Task statement – Where a line below holds the string "walls", count it; then give the total without any other words.

Record set: Begin

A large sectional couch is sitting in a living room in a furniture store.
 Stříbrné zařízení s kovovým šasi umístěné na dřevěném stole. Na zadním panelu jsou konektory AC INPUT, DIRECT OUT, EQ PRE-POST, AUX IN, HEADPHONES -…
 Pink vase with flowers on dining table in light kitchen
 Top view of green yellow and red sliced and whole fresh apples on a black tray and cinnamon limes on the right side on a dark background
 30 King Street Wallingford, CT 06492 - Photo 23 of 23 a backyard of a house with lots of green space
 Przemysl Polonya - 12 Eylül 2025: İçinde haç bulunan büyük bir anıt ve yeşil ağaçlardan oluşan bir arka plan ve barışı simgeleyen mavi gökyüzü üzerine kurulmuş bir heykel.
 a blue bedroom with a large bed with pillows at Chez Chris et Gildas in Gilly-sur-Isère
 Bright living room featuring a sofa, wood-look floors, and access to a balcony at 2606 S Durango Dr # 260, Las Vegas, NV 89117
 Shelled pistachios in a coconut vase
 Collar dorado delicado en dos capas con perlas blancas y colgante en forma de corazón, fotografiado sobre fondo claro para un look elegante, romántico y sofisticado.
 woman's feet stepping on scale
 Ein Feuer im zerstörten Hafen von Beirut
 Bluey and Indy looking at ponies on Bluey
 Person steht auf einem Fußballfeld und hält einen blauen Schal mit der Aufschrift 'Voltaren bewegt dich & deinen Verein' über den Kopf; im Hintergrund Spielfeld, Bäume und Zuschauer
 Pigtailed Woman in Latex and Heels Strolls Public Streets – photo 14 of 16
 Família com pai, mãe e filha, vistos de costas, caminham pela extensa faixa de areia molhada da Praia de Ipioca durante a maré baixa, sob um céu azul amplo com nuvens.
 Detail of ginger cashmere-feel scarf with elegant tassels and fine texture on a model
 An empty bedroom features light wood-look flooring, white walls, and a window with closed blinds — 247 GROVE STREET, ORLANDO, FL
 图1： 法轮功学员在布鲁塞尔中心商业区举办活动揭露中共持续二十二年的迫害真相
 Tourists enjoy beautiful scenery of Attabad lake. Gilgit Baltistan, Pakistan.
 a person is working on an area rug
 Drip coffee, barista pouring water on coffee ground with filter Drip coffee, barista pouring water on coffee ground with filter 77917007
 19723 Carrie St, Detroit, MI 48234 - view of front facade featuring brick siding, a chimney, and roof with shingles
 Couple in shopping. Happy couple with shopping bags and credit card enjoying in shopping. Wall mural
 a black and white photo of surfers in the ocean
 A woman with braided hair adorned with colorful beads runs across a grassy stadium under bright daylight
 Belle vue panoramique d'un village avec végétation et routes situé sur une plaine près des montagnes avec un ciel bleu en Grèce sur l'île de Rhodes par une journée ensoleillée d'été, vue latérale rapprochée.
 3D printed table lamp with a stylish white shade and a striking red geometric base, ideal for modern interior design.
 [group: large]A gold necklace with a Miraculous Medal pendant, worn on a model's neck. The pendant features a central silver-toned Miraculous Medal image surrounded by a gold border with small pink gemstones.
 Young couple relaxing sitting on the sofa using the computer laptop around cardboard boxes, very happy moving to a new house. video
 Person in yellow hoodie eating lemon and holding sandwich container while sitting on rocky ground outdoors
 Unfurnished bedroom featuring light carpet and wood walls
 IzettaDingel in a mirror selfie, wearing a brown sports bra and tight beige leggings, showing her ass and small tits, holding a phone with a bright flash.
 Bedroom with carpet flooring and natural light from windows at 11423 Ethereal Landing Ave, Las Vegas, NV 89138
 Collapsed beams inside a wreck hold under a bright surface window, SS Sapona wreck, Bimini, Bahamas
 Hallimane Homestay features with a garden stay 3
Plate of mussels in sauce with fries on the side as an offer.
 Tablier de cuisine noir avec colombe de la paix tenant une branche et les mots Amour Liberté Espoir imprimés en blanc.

Record set: End

Task result – 2